Healthcare waste, with infection risk

Hospital waste includes a variety of items related to patient care and analyses, which in some cases carry the risk of infection. Any failure to dispose of such waste properly would represent a danger for healthcare workers, waste plant operators, patients and those close to them, and by extension, the population at large.

Inappropriate management of hospital waste also poses the risk of contamination and pollution of the environment by pathogenic substances. Given the efficiency of combustion for destroying such elements, current regulations (in France) allow the joint incineration of hospital and household waste in waste-to-energy conversion plants under certain conditions.

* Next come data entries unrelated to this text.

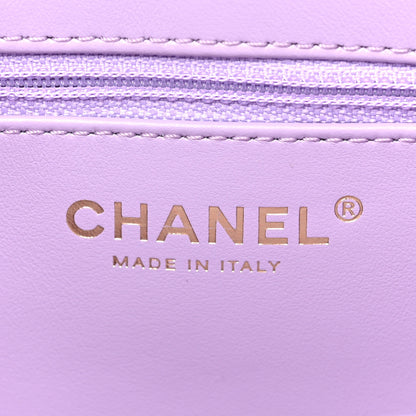 Chanel Shiny Aged Calfskin Quilted Nano Kelly Shopper Lilac 6 of 10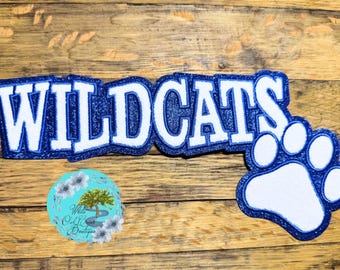 YOUTH Wildcat Chenill Patch 10” Wide Iron-On Patch DIY Royal Blue / Blue Glitter Trim Kentucky Wildcats Bling Mascots Football Team Spirit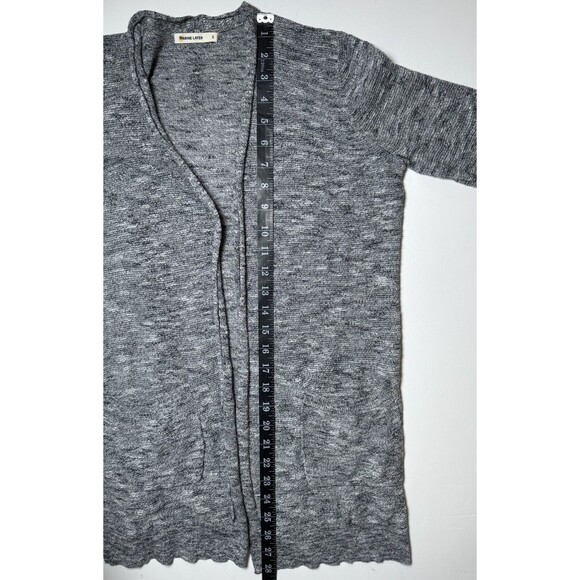Marine Layer Womens Small Gray Marled Open Front Cardigan Sweater Cotton Casual - Picture 9 of 11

CNIM provides solutions for such joint incineration, either for new-build plants or during the renovation of existing facilities. In both cases, CNIM’s offer draws on the following:

  • a design capability that enables maintenance and the automated introduction of waste into the furnace without any direct contact by plant personnel;
  • a design capability that ensures complete, continuous combustion (based on applying sufficient temperatures and the correct amount of time required for complete incineration);
  • the know-how gained by being a plant operator, which is essential for achieving the levels of combustion and emissions required for compliance with regulations;
  • regular maintenance, replacement/repair of defective equipment, recording and storage of data concerning the waste material and the treatment carried out;
  • training for operational personnel, backed by certifications and inspection programs.

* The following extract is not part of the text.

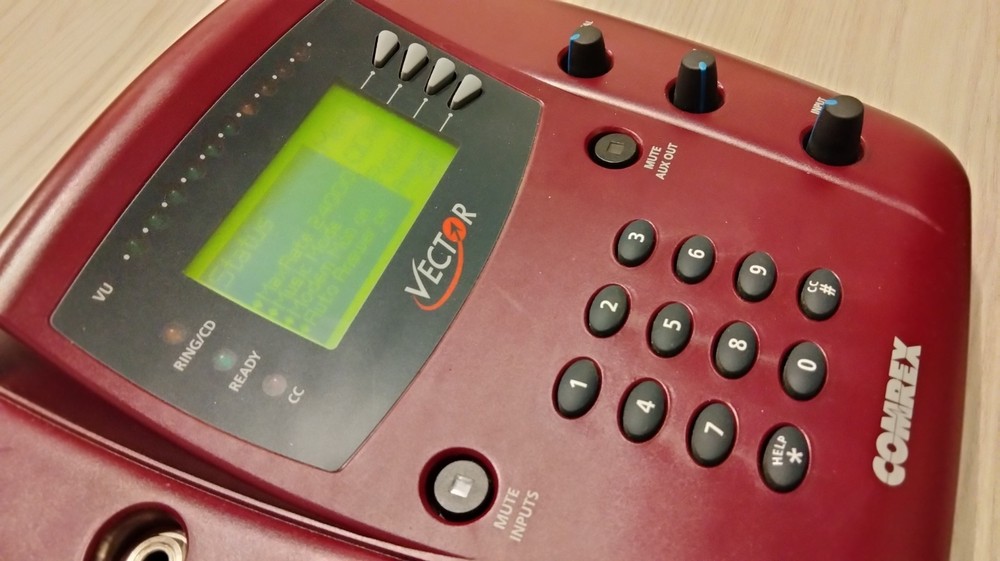 Comrex Vector POTS codec, AUDIO OVER TELE MIXER, plus power supply, and case.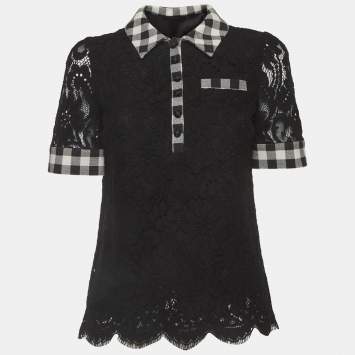 مملوكة مسبقًا Dolce & Gabbana Black Lace T-Shirt S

CNIM has longstanding experience of the joint incineration of contaminated medical waste with household waste. Facilities have been installed around the world, including Piacenza, Italy; Toulouse, France; Toulon, France; Baku, Azerbaijan.

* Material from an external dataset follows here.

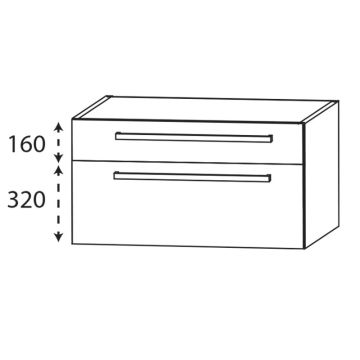 Laguna Platino 2.0 Waschtischunterschrank - 80 cm Skizze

The different stages in the CNIM process:

  • Stage 1: Depending on the contents, medical waste can be sealed in airtight, rigid packaging to keep it together and avoid exposure to medical personnel.
  • Stage 2: Once packaged, the waste can be manually loaded into specially-designed containers.
  • Stage 3: The containers are taken by specialized transport to the domestic waste incineration plant. On arrival, they are checked for any radioactivity levels, then weighed on a weighbridge and identified.
  • Stage 4: In the absence of any radioactivity, the containers are then taken by plant operators to a designated storage area.
  • Stage 5: From there, the containers are transferred by an automated system of overhead conveyor belts and lifts to a position above the hopper of the incinerator.
  • Stage 6: The containers are automatically upturned, allowing their contents to fall into the hopper and be incinerated alongside domestic waste – avoiding the need for any intervention by staff.
  • Stage 7: The containers are then transferred to a cleansing machine, where they are washed and disinfected, again without any intervention by plant operators.
  • Stage 8: Once emptied, cleaned and disinfected, the containers are stocked in a specific area of the plant – before being sent back to the hospital or medical institution.

The conditions under which hospital waste is incinerated are the same as for domestic waste. Their quantity is limited to 10% of the total waste to be incinerated, in order to achieve an optimum level of combustion. This involves:

  • incineration temperatures above 850° C when the waste is loaded into the furnace
  • once inside the combustion chamber, the temperature of flue gases needs to be above 850° C for two seconds, as required by regulations (in France).

The treatment of flue gases is identical that used for domestic waste, as laid down by the European Union’s Industrial Emissions Directive, which replaced the Waste Incineration Directive.

Aside from destroying pathogenic substances, this process also achieves energy recovery from hospital waste, which has a high calorific content.

The CNIM Group subsidiary Bertin can also provide a pre-treatment disinfection service within the healthcare institution itself, thereby making the handling and transport of such waste easier before it reaches the treatment plant.